Tom Shadyac seem to have it all: a multimillion-dollar career directing Hollywood blockbusters (like Ace Venture: Pet Detective, Liar, Liar, and The Nutty Professor), a huge house in California, and beautiful expensive cars. But something was missing. “As I got stuff, as I ‘won,’ it didn’t pay. I didn’t feel the fruits of that,” Shadyac said on Tuesday’s The Cycle.
After a near death experience, Shadyac moved to a mobile home park and rid his life of most of his possessions. “It’s a simple life. When I lived in a mansion I didn’t know a single neighbor, now I know all my neighbors,” Shadyac said.

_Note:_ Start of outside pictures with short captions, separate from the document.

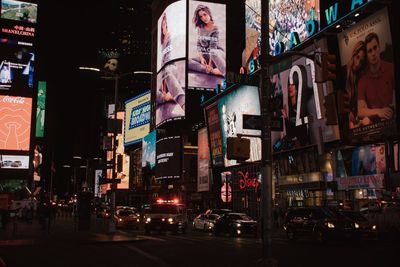 Illuminated city street at night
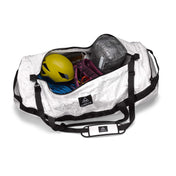 Overhead view of the Hyperlite Mountain Gear 140L Approach Duffel open and filled with climbing gear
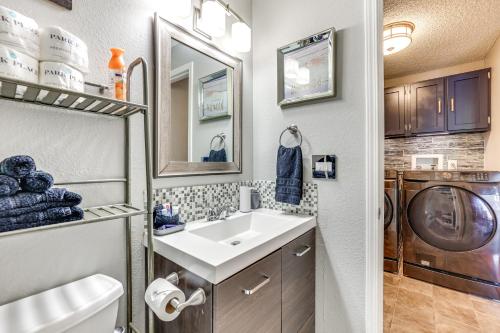 a bathroom with a sink and a washing machine at Boise Home with Hot Tub, Yard about 5 Mi to Dtwn! in Boise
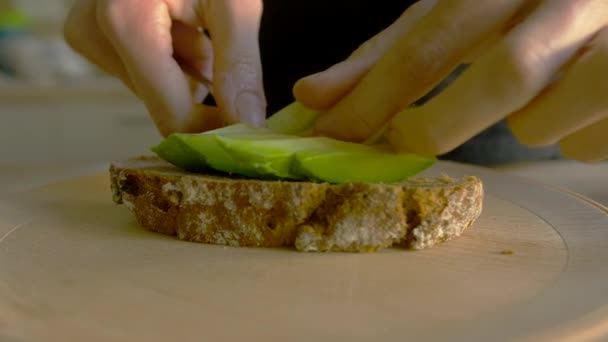 Close Young Woman Putting Avocado Buckwheat Bread White Female Preparing — Stock video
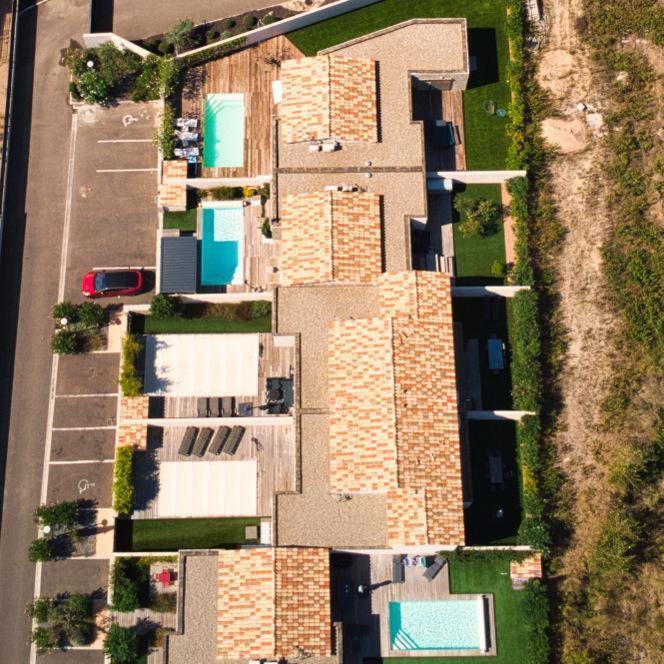 לצ'י Villa Home Holiday A Cala Rossa מראה חיצוני תמונה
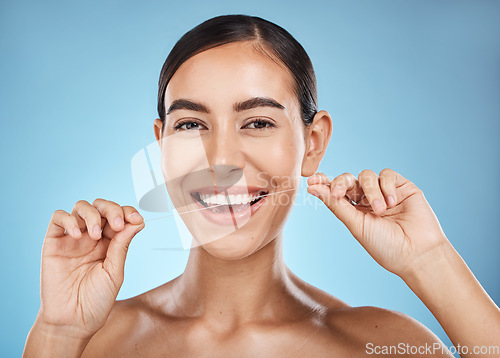 Image of Woman, flossing in portrait and smile, dental healthcare for fresh breath and clean teeth isolated on blue background. Face, hands and flossing with oral hygiene product and healthy gums in studio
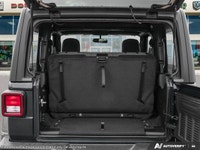 This Jeep Wrangler has a dependable Intercooled Turbo Premium Unleaded I-4 2.0 L/122 engine powering... (image 6)
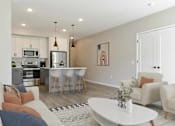 Thumbnail 71 of 76 - A modern kitchen with a breakfast bar and a living room with a couch and chairs.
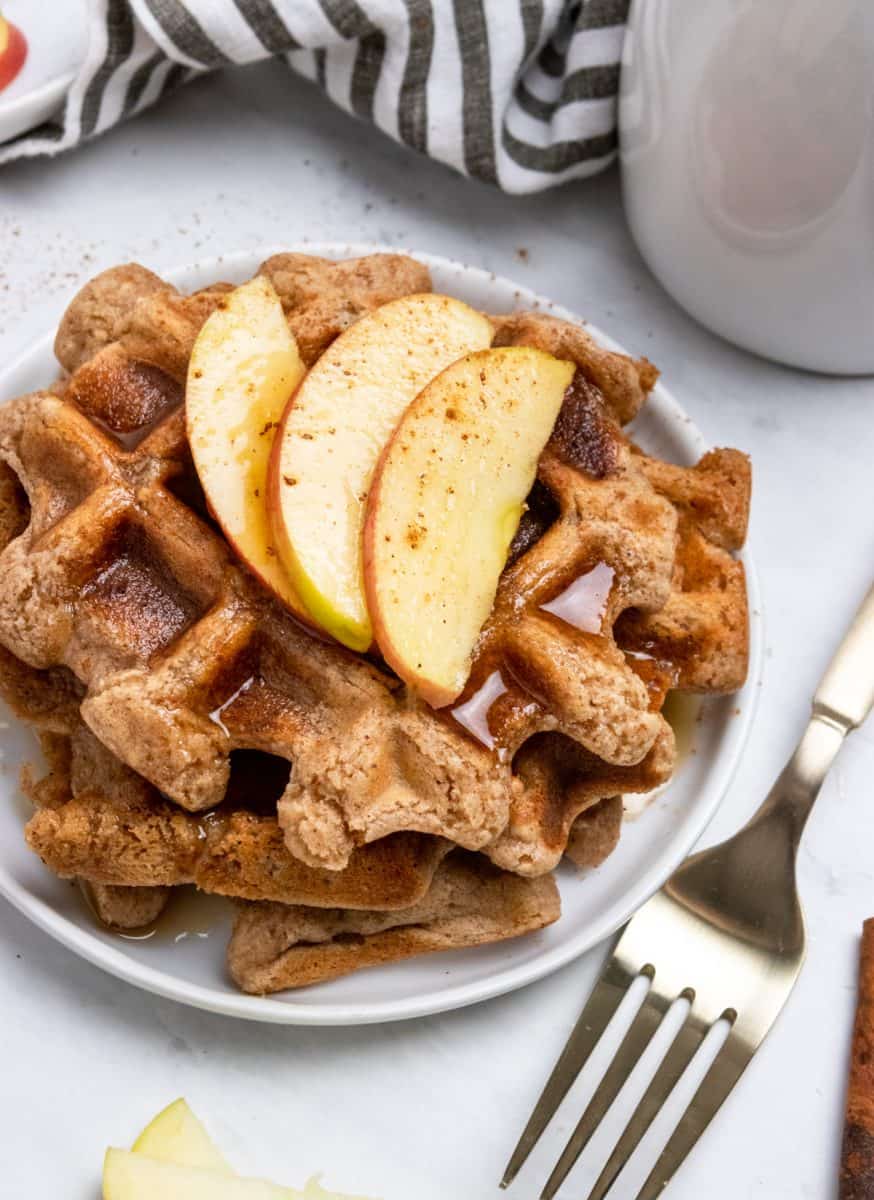 Vegan waffles with syrup and sliced apple.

In his new book, Life’s Operating Manual: With the Fear and Truth Dialogues, Shadyac questions the traditional ways we think about our lives and looks at everything from wars to freedom to dig into how our fears prevent us from seeing the truth. “It’s something that many of us feel but don’t have the courage to make the adjustment because we have been told our whole lives, ‘This is what success looks like.’ And when we get there it feels vacuous and we don’t have the courage or the energy to shift,” Shadyac said. “Fortunately I have always seen my life as an experiment, I have just wanted to go to what works. And as I felt the charity aspect in my life, the giving aspect, I felt the power and I have walked more into that.”